Alabama could go on to meet Georgia in the SEC championship game, but Ed Orgeron and Gus Malzahn showed last year that Alabama can’t pencil itself into Atlanta every year — and Georgia can’t either for that matter.
There’s also the fact that Nick Saban seems to be on the final stretch of his career. It’s unfair to speculate when Saban might finally decide to stop coaching, but it’s hard to envision him still running the Alabama program in 2030 at the age of 78.
Now, critics can point out that expecting both Smart and Swinney to still be at their two programs 10 years from might be unreasonable. But if you were betting, it certainly seems like a better idea to expect the latter two to still be at Georgia and Clemson rather than Saban is at Alabama.
Georgia and Clemson do have a history with each other, but the two sides haven’t met since 2014. Smart has yet to match-up head-to-head against Swinney as a head coach. The two did match wits in Smart’s final game as Alabama’s defensive coordinator in the 2016 National Championship Game. Alabama won that game, but Clemson put up 40 points.
While the two teams have not yet met on the field, they’ve run into each other quite often on the recruiting trail. Georgia and Clemson are now two of the top recruiting programs in the country, with Clemson landing 5-star running back Will Shipley this week. The Tigers also have a strong track record of recruiting the metro Atlanta area, pulling 5-star prospects like Myles Murphy and Andrew Booth out of the state in recent cycles.
And in recent weeks, it seems like Smart fired a shot at Swinney and Clemson when it comes to their recruiting tactics.
“You probably would believe it but you wouldn’t believe what some coaches outside our conference tell kids,” Smart told ESPN’s Paul Finebaum. “They’ll sell to a kid that it’s better to not go to the SEC because it’s too tough.”
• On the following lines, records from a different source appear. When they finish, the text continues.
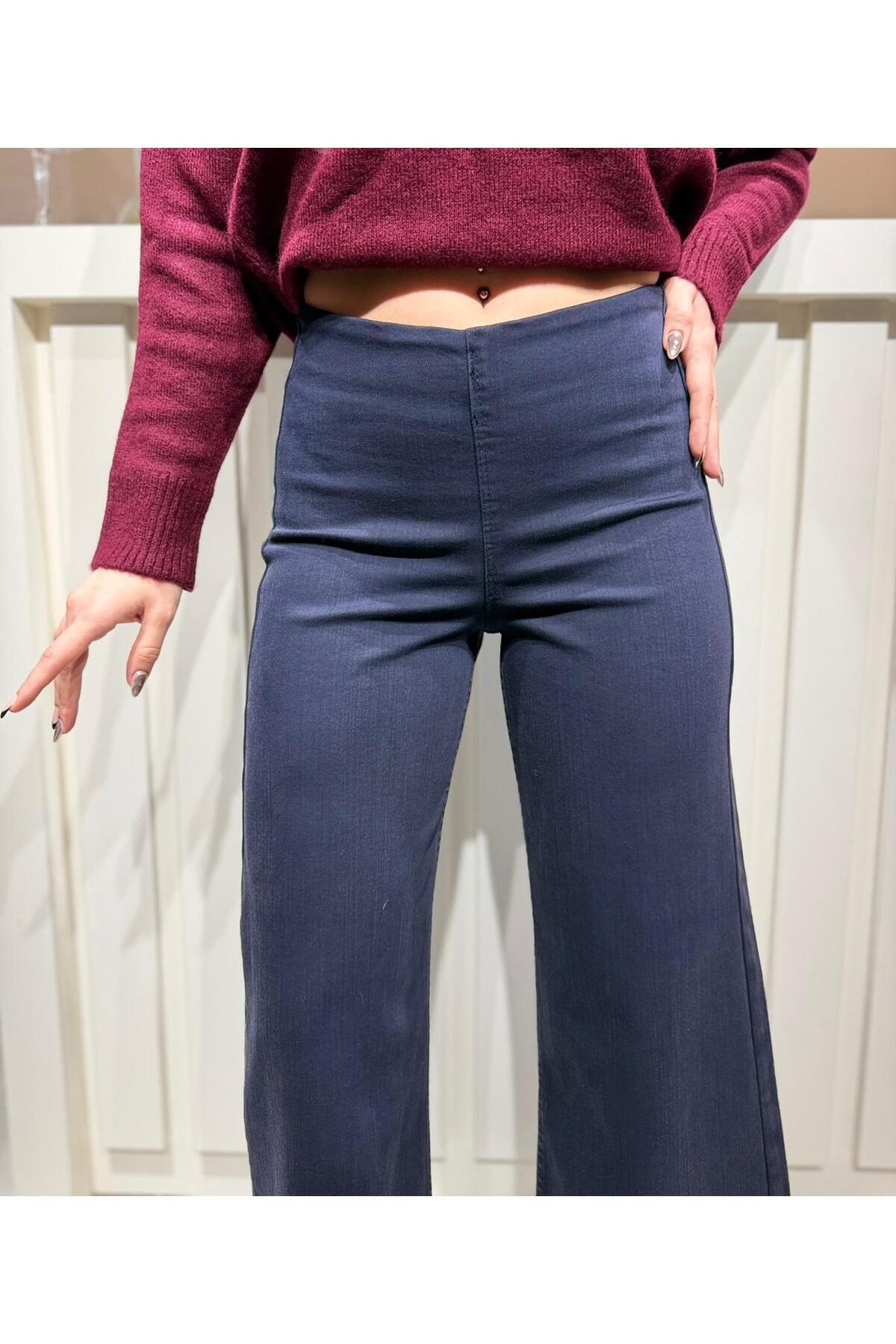 Kadın Beli Lastik Detaylı Yüksek Bel İspanyol (Geniş) Paça Lacivert Jean Pantolon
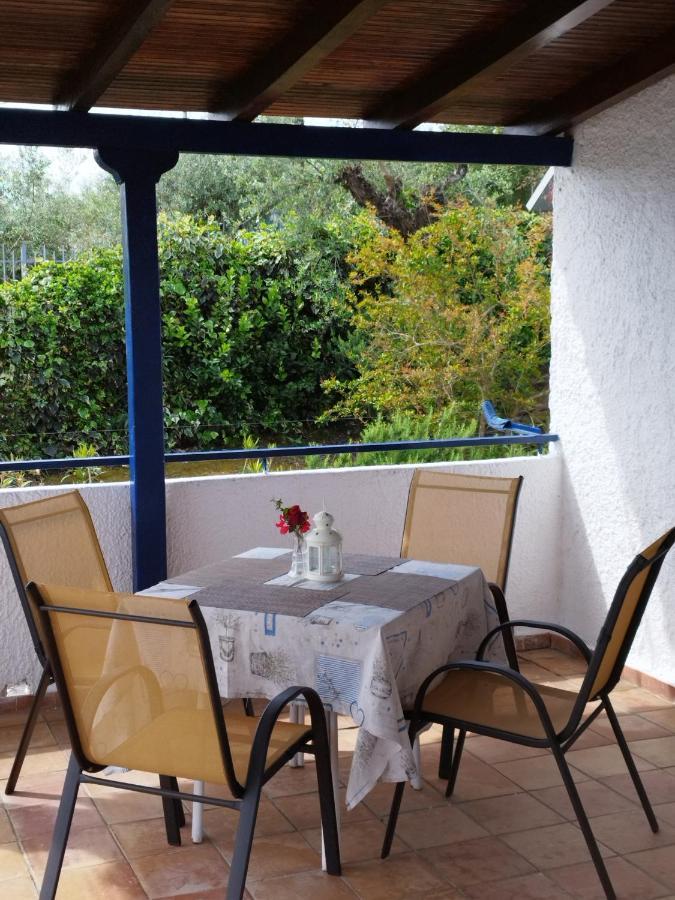 Takis Haikos House Two Minutes Walk To The Beach Peroulia Vounaria Exterior photo
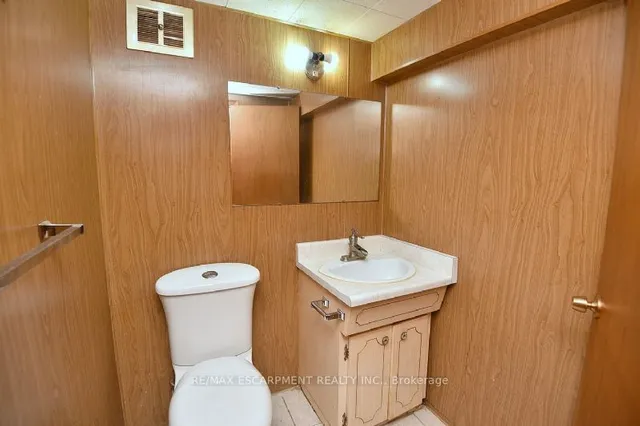 Additional property image - 160 Rosedale Ave
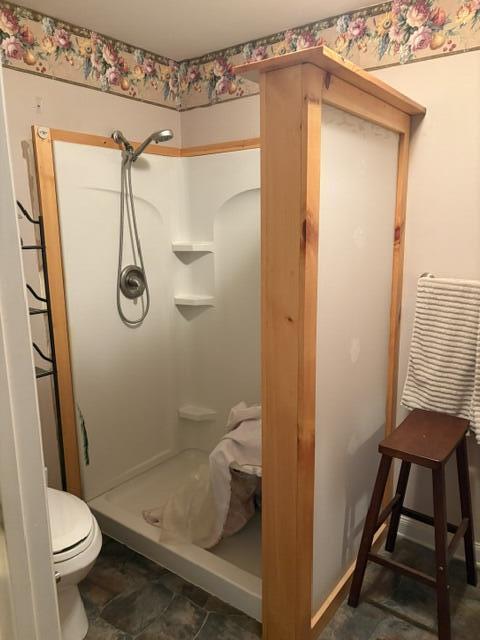 844 Grove Road Benton, TN 37307 - Photo 16 of 31 844 Grove - Bathroom - IMG_8360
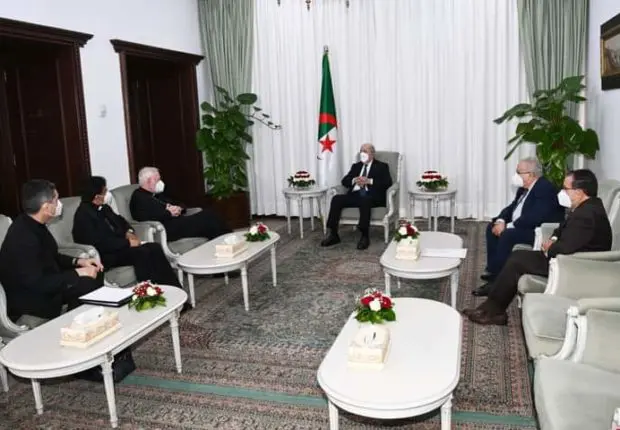Tebboune reçoit l’archevêque Paul Richard Gallagher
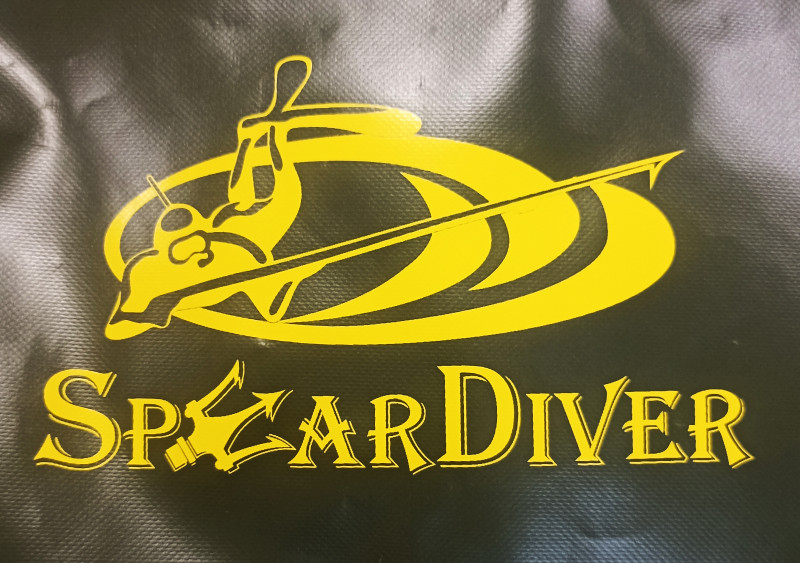 На сумке изображен фирменный логотип «SPEARDIVER»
“It’s too competitive, too physical, you might get banged up, you might not have the career there you’d have somewhere else.”
Finebaum went on to later say he believed those comments were in fact aimed at Swinney. When you factor in how bad the ACC has been in recent seasons, it’s not all that difficult to read between the lines of Smart’s comments.
At the moment, Georgia has the No. 17 recruiting class in the country. Clemson sits at No. 4. Alabama is at No. 57 at the moment. Recruiting is extremely fluid, but recruits always seem to snuff these kinds of things out first.
Alabama clearly has been a major problem for the Bulldogs over the years, much like how the Avon Barksdale was for the Baltimore Police Department in The Wire. But even if Georgia is able to take down Alabama, and finally conqueror that long-time foe, there’s still an equally formidable foe in Clemson looming, much like how Marlo Stanfield was in The Wire.